The adage goes that problems cannot be solved at the level they are created.

In other words, we need to think differently in solving them than we were thinking when the problems arose. We must find a new perspective – change our mind, literally – in order to break from long-held beliefs of who we are and how we exist.

For too long we have restricted our compassion to those few who are near to us in lineage or location, at the expense of our larger community. Einstein once described this as an “optical delusion” of our consciousness, one so profound that it acted as a prison. This cognitive dissonance not only convinces us that we are separate from each other, it leads us to believe that we should either be indifferent to the struggles of our neighbors or that we should live in opposition to one another.

When we step back to gain a larger perspective, we see more clearly our connection to one another.

The truth is there is no such thing as “others.” And all it takes to remove the facade is a desire to gain a higher perspective. In his seminal book on chaos theory, James Gleick described the manner in which cloud formation seems random when viewing it from the surface of the earth, where most of us spend our time. However, when viewing cloud formation from above the clouds, there is order to the shapes and sizes they take. To see this order in what appears chaotic, one need only find a greater vantage point.

Astronaut Rusty Schweickart personalized this when, serving on the Apollo 9 mission, he was the first to “stand” outside the spacecraft, tethered to it and able to look back at the earth from space. What he described was a place not defined by separateness but one in which “all boundaries suddenly disappeared and what appeared in their place was intelligence, harmony.”

Schweickart wrote about the boundaries we call countries and the arbitrary lines over which we kill one another. From his perspective – looking at the world from outside of it – the separateness we have created is rendered not just small but stood on its head. “From where you see it,” he wrote of his higher perspective, “the thing is a whole, and it's so beautiful.”

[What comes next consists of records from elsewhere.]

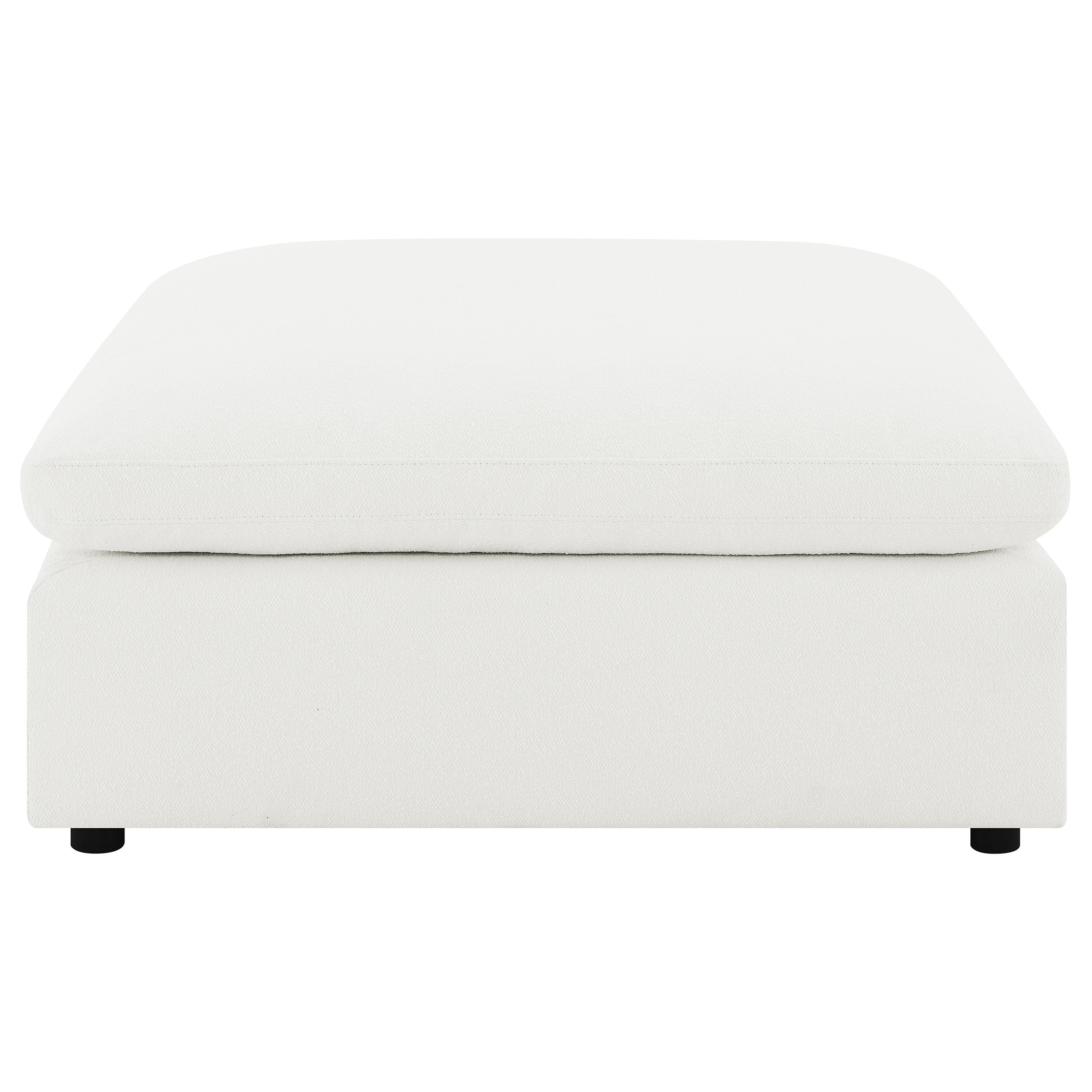 Raleigh Boucle Upholstered Ottoman Grey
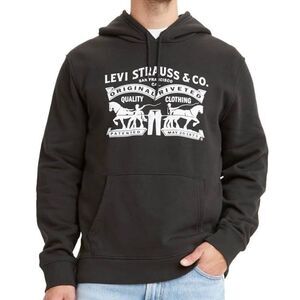 Levi’s Strauss & Co. Mens Graphic Fleece black Hoodie size Large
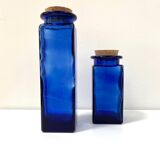 Vintage cobalt blue glass jar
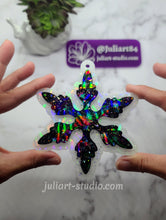 Load image into Gallery viewer, 5 inch HOLO Snowflake Silicone Mold for Resin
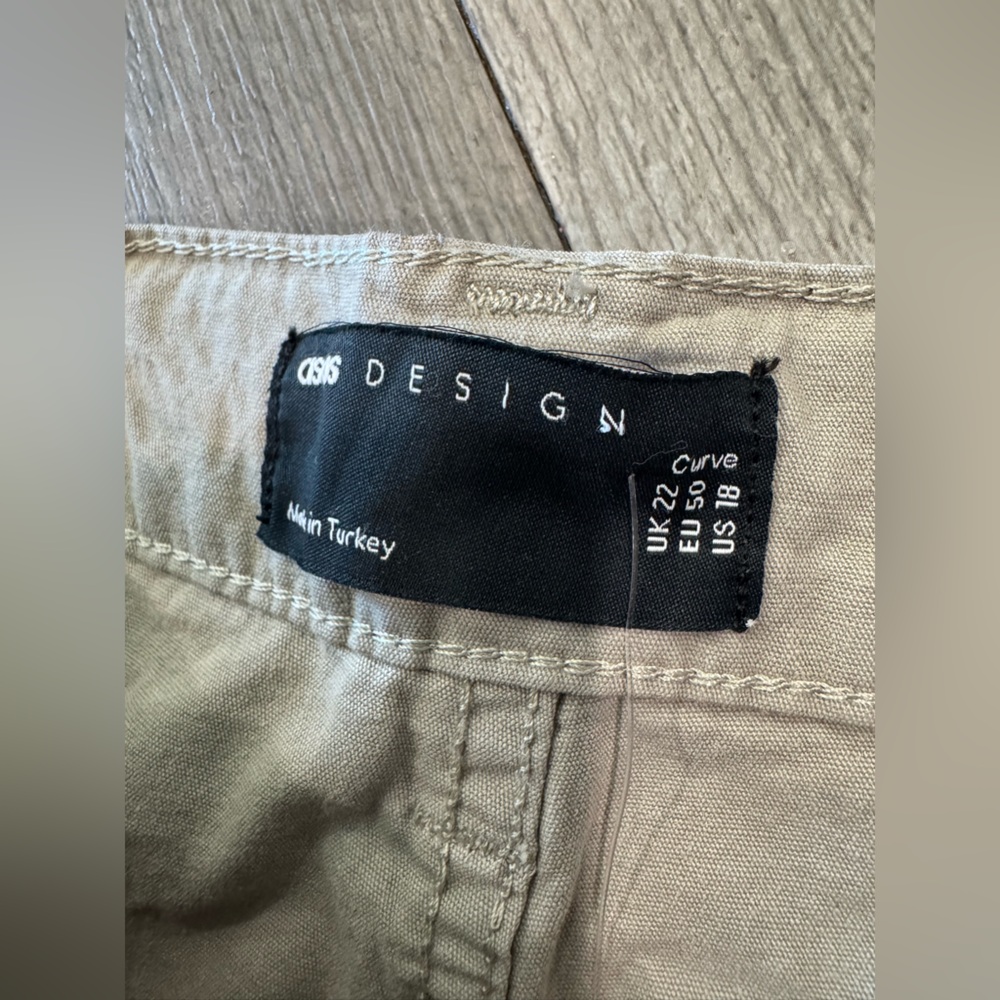 ASOS Curve Taupe Cargo Pants - Picture 12 of 12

The “thing” is us, together on this planet. It is the deeper truth of our existence & our connection to one another.

The question is whether or not we can live like it.

We bleed the same and breathe the same; we feel fear the same; what brings us joy and sadness is the same. We are 99.9% the same. Yet we focus our whole lives on what is different about us, and it is time to stand that on its head.

As one of us goes, so go all of us. When millions of your neighbors are unable to obtain the essentials of life, it is your struggle, too. When danger and instability define the daily lives of people across this country, it is your life that is at risk. And it is your humanity that is being called.